Data entries
————

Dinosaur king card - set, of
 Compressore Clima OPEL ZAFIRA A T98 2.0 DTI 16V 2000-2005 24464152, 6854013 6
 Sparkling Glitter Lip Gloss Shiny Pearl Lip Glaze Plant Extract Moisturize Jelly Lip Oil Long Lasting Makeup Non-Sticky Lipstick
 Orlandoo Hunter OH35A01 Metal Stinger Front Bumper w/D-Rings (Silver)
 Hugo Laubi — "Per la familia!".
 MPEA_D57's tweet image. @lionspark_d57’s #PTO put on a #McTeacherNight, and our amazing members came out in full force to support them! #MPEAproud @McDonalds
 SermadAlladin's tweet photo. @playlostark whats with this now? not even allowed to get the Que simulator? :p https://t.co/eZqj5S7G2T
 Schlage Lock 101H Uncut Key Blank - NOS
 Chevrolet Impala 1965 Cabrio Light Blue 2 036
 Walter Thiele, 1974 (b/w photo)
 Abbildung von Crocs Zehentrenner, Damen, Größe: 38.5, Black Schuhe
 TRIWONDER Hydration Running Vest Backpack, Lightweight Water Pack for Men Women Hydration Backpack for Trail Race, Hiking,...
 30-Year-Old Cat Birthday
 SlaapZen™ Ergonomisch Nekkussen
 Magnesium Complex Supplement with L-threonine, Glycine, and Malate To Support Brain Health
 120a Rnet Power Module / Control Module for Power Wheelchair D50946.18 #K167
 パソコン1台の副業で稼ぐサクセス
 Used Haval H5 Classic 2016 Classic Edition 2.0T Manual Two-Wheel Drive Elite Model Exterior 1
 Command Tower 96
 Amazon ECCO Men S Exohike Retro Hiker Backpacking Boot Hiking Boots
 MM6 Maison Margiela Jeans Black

————

ASSIGNMENT: Search the data above for the word "with", then gather each line in which it appears.

TASK OUTPUT:
 SermadAlladin's tweet photo. @playlostark whats with this now? not even allowed to get the Que simulator? :p https://t.co/eZqj5S7G2T
 Magnesium Complex Supplement with L-threonine, Glycine, and Malate To Support Brain Health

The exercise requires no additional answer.